6/05/2016

Blue Bottle ~ Aoyama


There are decent coffee shops everywhere in Japan, traditionally.  Japan has been the center of coffee culture for a long time, small coffee shops, like cafe, serves Nel-drips, Siphons, paper drips and so on.  Some are individually roasted, developed their own roasting techniques such as far infrared roasting using hard wood charcoal called Binchō-tan.  Japanese style cafe, so called "Kissa ten" , are every corner in town, sometimes middle, of course, not difficult to find.  Certainly, Japan is one of many countries welcomed Starbucks invasion since mid 1990s.  Although the company moved quick and powerful to expand its domination, there are few area they find hard to find strategies and benefits to open the stores due to strongly localized and exclusive "Kissa ten" culture.  

With this story behind, somewhat the third wavers find opportunities to come in to Japan.  In 2015, San Francisco's leading coffee roaster, "Blue Bottle" opens its first rostery & cafe in Kiyosumi-shirakawa, historical part of Tokyo.  People in Tokyo welcomed Blue Bottle open-handed, there were line over line to have a cup of coffee when the cafe opened.  Some says, "waited for 2hrs just for a cup".  
Within a year, they had plan to open the next one in Aoyama, March 2015, then third in Shinjyuku.  

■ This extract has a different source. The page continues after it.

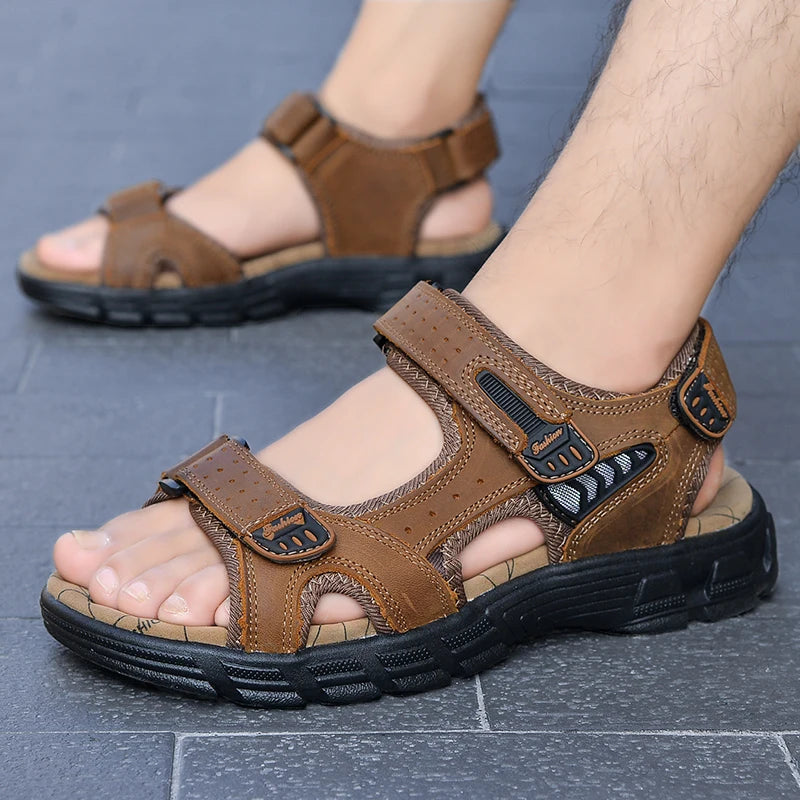 Mænds Sommer Sandaler i Læder 7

This Aoyama cafe is located cozy, quiet part of Aoyama, near Omote-sando Station, at the second floor of "Cabane de zucca".  Within 3 min distance, there are Shozo Coffee Kiosk, where you may find fine quality Scones and madeleines.  
The layout of Aoyama cafe reminds me of the one in Oakland, W.C. Morse, although W.C. Morse is more spacey and has more natural lights.  Unlike Mint Plaza, unlike Hayes Valley, interior of Blue Bottle seems to have settled with this plane, white and stainless look.  Somewhat this reminds me of a cooking studio, which might be part of their concepts.

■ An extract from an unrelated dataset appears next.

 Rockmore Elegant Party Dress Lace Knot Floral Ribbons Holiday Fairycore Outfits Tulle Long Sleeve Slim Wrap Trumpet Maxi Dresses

I am not yet ready to taste Blue Bottle in Japan.  For me, flavor of Blue Bottle Coffee is made of James Freeman's passion and obsession with coffee.  I still remember flavor of his coffee and his smile.  Personally, I wonder, is there still James' DNA breathing any of new cafes.  It is business, certainly.  However, we still need to keep it in our mind that Tokyo is the town which welcomed "The Coffee Bean & Tea Leaf" by lining up hours and hours when it opened in Nihon-Bashi.